But then Jobs and his agency came out with the tagline, think different. And if you remember back to some of those ads, it really did embody their brand. It really made sense, and it was the hook. Apple, think different, think different, had the stopping power. And combined with Apple, it really built that brand. Or Nike, who knows what Nike is? Well, you just do it, right? So if you have a boring name, the tag, the slogan can really bring the name alive. Number three, it helps you convey your brand position, connects you with your target. So De Beers tagline or slogan is a diamond is forever. So beers is that big, huge global diamond mining firm. And you think about how emotional diamonds can be, right? Getting that engagement ring and you want to be wed with your new husband forever. And this idea that a diamond is forever, I mean, it just brings alive the value and the aspirations that you have for that engagement ring in that diamond or the diamond necklace, earrings, state Farm, like a good neighbor State Farm is theirs.

(03:22):

So you think about insurance, you've got to have someone you trust, right? I mean, this tagline brings alive what everybody's looking for in insurance, man, I got a problem. I got a disaster. I need help now, like a good neighbor, state Farm is there, or Wendy's, you think about how crowded the QSR space is or the fast food spaces. You got Burger King, you got McDonald's, subway, where's the beef? They're sort of making fun of the other guys. You get these monster bun as itty bitty, bitty, bitty beef patty. And their ads for a while really emphasize, Hey, with Wendy's, you get some real meat inside your sandwich, not just a few samplings, but there's a serious burger there. So it distilled their brand essence and it made a promise to the customers. Number four, a slogan is your secret weapon when you develop a new name, especially if you don't have a chance to tell the story.

(04:25):

So now we're going to talk a little bit about naming and how important that slogan is. So when you develop a new name, if you do this yourself, you do this with your team and you've got some things that you've just poured your heart, blood, sweat, tears, everything into, and you send out the list for comments to your boss, your boss's boss, what do you think is going to happen? That's a terrible idea. First of all, you just don't send out a list. Why do you not send out a list? Because there's no context, there's nothing wrapped around it. All they're going to look at is a list of boring, new names that don't mean hardly anything to them, and you're not going to get the kind of reaction that you're after. But if you have at least a tagline attached or a slogan attached to that name, like Apple, think different, Nike, just do it.

(05:12):

Wendy's the beef. It's this idea that, hey, that peaks their imagination. It gets them thinking about it the right way. So ideally, you want to present the name with the story and all the context and the wind dressing wrapped around it that really brings that name alive. But if you don't have the opportunity to do so, and in many cases you don't, or the attention span of whomever you're talking to is pretty limited, that tagline helps immensely if it's well crafted. And number five, what if your name is heard first not seen? Well, that slogan or tagline can be your verbal logo. So you don't see it. You just hear Apple think different, and that tag sort of connects emotionally and it sort of has that cool factor and it stops you when you start to think about it.
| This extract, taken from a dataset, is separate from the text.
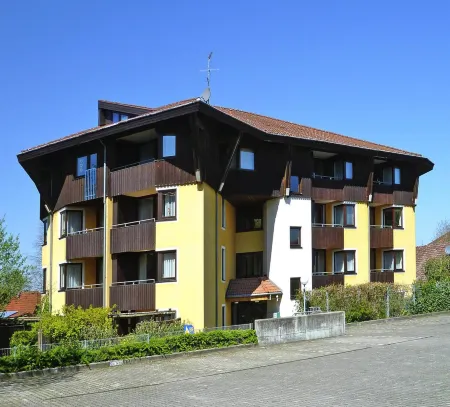 Apartment near Lake Constance and Alps Отели в г. Имменштад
And you pay attention to the conversation.

(06:08):

It provides the emotional glue that stickiness around the name. It's often the difference between the name being remembered, your brand being remembered and quickly forgotten to where they can't even recall five minutes later that they saw the ad or they heard it in conversation or whatever it might be. So let's talk about how you create the perfect tagline with the help of ai. And there's a guy I follow that I can't recommend enough. His name is Andy Cina, and he wrote a book called Content Chemistry, the Illustrated Guide to Content Marketing. And I think he got his seventh edition just came out, but he recently had a blog post through his company, orbit Media. And the blog post is the seven Stages of AI Proficiency. It's a big deal. And if you think you know how to use AI or if you don't think you know how to use ai, you have to get a copy of this thing.

(07:08):

We'll put the link in the show notes for this podcast, but lemme talk about these seven stages of AI proficiency just real quick. So you can think about how you prompt AI when it comes to tagline. So define your brand foundation. What do you want your tagline to do? How's it supposed to relate to your mission and vision? Is it supposed to speak to your core values or does it solve a problem for your customers? Do you want to build this into your prompting, right? The more you tell ai, the better it's going to do. So if you share with it some of those attributes, your core values, the emotions you want to evoke, how it makes you different from your competitors, talk to it and prompt it with your audience. Who's the target? What's the brand archetype? What's the demographic information? What are the psychographic insights, the pain points that they have?

(08:01):

What outcome does your brand provide that you maybe want reflected in the slogan? And of course, you've got to limit how long the slogan's going to be, or pretty soon before you know it, you've got a paragraph which really isn't a slogan or a tagline, right? So three words, four words, five words. You can't encapsulate all of this, but when you think about how to prompt ai and of course have it, keep it as short as possible, then you'll have to do some wordsmithing on your own perhaps to get that final diamond. But these are some great prompts to think about. Ask us to go out and look at some competitors taglines, maybe even provide those taglines to it. The most recent versions can go out and scrape the web up until almost a minute you're using them and find what's out there. But if you want to make sure you give it headed in the right direction, you give it some taglines that are out there, the themes that are being used, what the USPS are unique selling propositions.

(08:50):

You brainstorm without constraints. So you give AI the freedom to do all kinds of things. You may even make some suggestions, right? So do some word association exercises. Think about different words you can put together in different combinations. Give us some what if scenarios. Some ways the tagline might be seen or viewed or used at a trade show on signage side of a truck, back of the booth, white paper presentation, keynote speech, whatever. Ask it to explore metaphors. Ask it to use the language your customers use in creating the tagline and then apply some other filters. These can be strategic filters, brand alignment, repeat and make sure it aligns with your brand distinctiveness. Is it memorable? It's hard for ai, I think, to assess some of these things, but nevertheless, giving it some of these prompts and then going back and changing the prompt based upon how it does, you can often fine tune it to where we're getting some pretty good stuff.

(09:53):

Does it work across your entire set of products and services? Is it legally viable? AI is getting better and better every day at sussing this kind of stuff out? I don't think you can test it yet. There's a lot of debate about the value of synthetic respondents using AI to mimic a customer and say, Hey, run this by a hundred customers, but they're not real. They're synthetic and tell me how they would react. But it's improving. And for something that doesn't have a huge budget, you might want to do a little bit of that testing with ai. So pay attention to some of these AI prompts and what it's coming up with. Certainly think about the kind of slogan you're after. And we're going to have a link here to a blog post that we're going to put out on our website that gives you a bit more background. But hope this helps. Slogans can be that fountain of youth for you. It can keep your brand fresh and new and exciting year after year, decade after decade, even though your brand name doesn't change. Have a great week. See you.